» **Task brief**: Below is some data. Retype exactly the lines starting at the one with "a chandelier hanging" and ending at the one with "Tuna salad with sliced avocadoの写真素材".
Segment Start: Given entries
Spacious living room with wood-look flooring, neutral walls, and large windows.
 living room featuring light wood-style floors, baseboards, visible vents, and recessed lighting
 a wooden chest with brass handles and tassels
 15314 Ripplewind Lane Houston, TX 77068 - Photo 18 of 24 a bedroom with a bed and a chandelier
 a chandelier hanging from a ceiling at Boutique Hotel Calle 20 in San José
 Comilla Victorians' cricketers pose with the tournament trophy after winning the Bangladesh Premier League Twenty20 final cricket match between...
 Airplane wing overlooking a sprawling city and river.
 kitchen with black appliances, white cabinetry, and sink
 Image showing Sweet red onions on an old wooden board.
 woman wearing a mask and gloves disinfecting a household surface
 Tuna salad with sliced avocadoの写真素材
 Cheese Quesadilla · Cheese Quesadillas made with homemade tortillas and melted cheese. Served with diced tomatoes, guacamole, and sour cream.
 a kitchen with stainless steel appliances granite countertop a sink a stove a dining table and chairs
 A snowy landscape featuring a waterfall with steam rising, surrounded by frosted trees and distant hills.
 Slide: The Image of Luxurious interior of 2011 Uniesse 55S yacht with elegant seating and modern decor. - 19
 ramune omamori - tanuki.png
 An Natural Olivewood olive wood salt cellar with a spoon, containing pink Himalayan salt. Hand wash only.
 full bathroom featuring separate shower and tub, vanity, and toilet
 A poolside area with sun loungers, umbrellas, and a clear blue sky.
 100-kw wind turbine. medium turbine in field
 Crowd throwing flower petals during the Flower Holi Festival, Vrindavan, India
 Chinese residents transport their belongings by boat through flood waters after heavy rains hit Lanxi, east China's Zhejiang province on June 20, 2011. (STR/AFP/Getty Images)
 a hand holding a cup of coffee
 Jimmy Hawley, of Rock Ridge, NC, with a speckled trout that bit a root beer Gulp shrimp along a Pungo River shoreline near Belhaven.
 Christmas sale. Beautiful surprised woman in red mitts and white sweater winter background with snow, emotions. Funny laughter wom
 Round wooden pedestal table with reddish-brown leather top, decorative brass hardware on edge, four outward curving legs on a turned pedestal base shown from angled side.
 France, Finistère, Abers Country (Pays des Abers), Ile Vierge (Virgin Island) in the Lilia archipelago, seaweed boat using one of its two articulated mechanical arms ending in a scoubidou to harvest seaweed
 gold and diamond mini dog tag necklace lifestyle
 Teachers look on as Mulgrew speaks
Segment End: Given entries
» **Solution to the exercise**:
 a chandelier hanging from a ceiling at Boutique Hotel Calle 20 in San José
 Comilla Victorians' cricketers pose with the tournament trophy after winning the Bangladesh Premier League Twenty20 final cricket match between...
 Airplane wing overlooking a sprawling city and river.
 kitchen with black appliances, white cabinetry, and sink
 Image showing Sweet red onions on an old wooden board.
 woman wearing a mask and gloves disinfecting a household surface
 Tuna salad with sliced avocadoの写真素材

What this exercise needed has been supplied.